1 Introduction

In this era of deep learning, most object detection models with state-of-the-art performance are based on a two-stage scheme [1, 5, 7, 8, 25, 26], where a sparse set of proposals are generated at the first stage, followed by regional object classification and coordinate regression at the second stage. The process of generating proposals has developed from off-line methods, such as Selective Search [15] and objectness [16], to integrated learning ones [1, 18, 19], in which Region Proposal Network (RPN) has become a standard component of these state-of-the-art two-stage methods. During the training of RPN, candidate proposals are first sampled among pre-located dense anchors, and then fed to the classifier of object/not-object and regressor. Within those dense anchors, the samples with class object/not-object are very imbalanced, particularly, the samples of not-object are much more than the ones of object, which make it difficult to train a classifier with regular policies. Thus, as a usual strategy, only a fixed number of anchors with a fixed object/not-object ratio, e.g., 256 and 1:1 [1], are sampled for training. Although such constraint in sampling progress can balance the samples, it also results in losing the diversity of proposals. Instead of constraining the sampling progress, we investigate this imbalance problem from the aspect of designing desired loss function during training.

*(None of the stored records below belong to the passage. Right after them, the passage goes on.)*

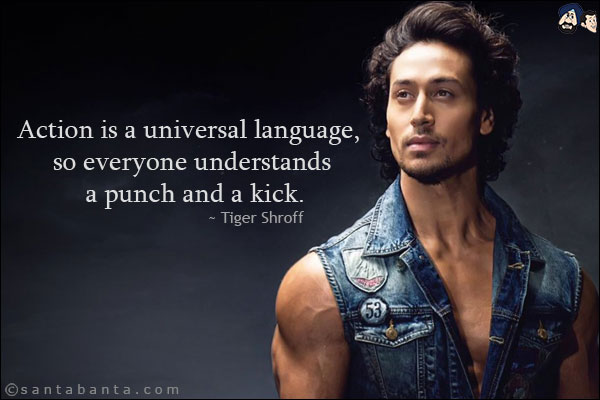 Action is a universal language, so everyone understands a punch and a kick.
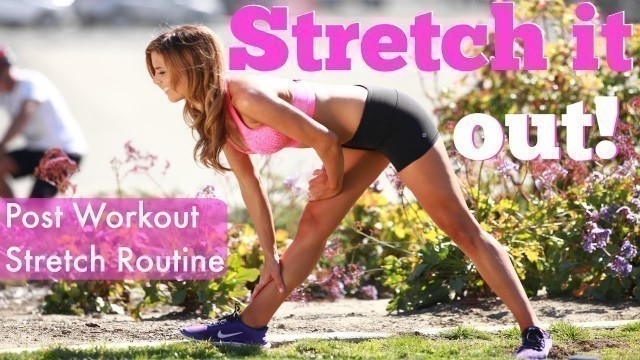 'How To Stretch | Full Body Post Workout Stretches'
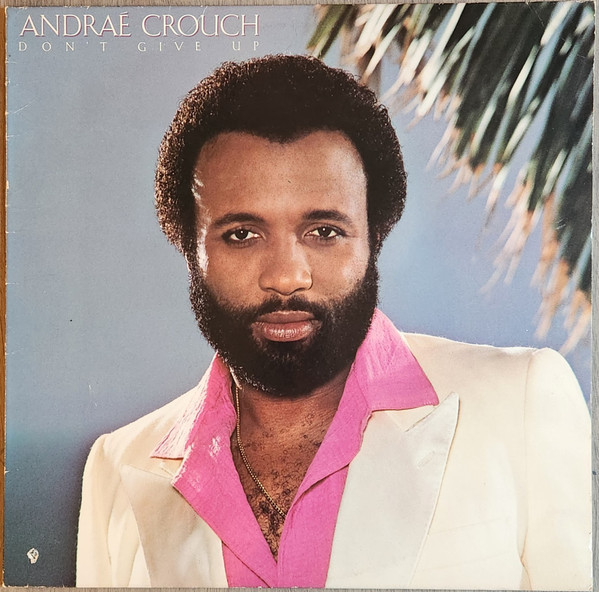Andraé Crouch - Don't Give Up (LP, Album, All)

The class imbalance problem is also encountered in one-stage detection models [3, 11,12,13], in which different types of example sampling strategies [11, 14, 23] are proposed to address this problem. However, Lin et al. [3] claims that it is the vast number of easy samples that overwhelms the detectors. Thus, they propose to take all pre-located dense anchors for training with a dynamically cross entropy loss, called focal loss, which prevents these easy samples from overwhelming the training process by down-weighting the losses of easy samples.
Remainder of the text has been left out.